Commission asked to wait

Published 11:03 pm Monday, April 13, 2009

Legislation to establish business license fees in Chilton County is too open-ended, some local farmers and other businessmen say.

Several who attended Monday’s county commission meeting voiced their opposition to the bill and said the public should have had more input before it was sent to Montgomery.

“I am concerned that this business license tax would deter businesses from coming to the county and would hurt those of us who are here,” Jimmy Parnell, owner of a local logging business, said.

Because the bill does not specify whether farmers or other groups would be exempt from buying business licenses, those in attendance at Monday’s meeting felt they had to choice but to speak up.

Commission chairman Tim Mims said he would not support making anyone who is exempt from paying fees pay them in the future, however.

“If you’re not buying a license now, I don’t see why you’d buy one in the future. That’s just me,” Mims told Parnell.

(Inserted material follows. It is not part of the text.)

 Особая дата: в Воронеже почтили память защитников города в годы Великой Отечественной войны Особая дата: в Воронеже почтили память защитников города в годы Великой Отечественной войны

Tim Minor of Sunshine Farms said he would like to get behind the commission if they would get input from the public and set parameters on the proposed fees. Until then, he said, he felt he had no option but to fight the measure.

“We want to do our part,” Minor said. “All we ask right now is to keep your arms around this thing before it gets away from you and puts us out of business.”

Mims said the commission had planned on calling a public hearing before setting fees, provided that the bill passes the Alabama Legislature. He explained that the bill does not directly set business license fees but simply gives the commission the authority to set fees.

Minor said a public hearing should have been held before the legislation was approved and submitted to state Rep. Jimmy Martin.

“There are other people deciding our future,” Minor said.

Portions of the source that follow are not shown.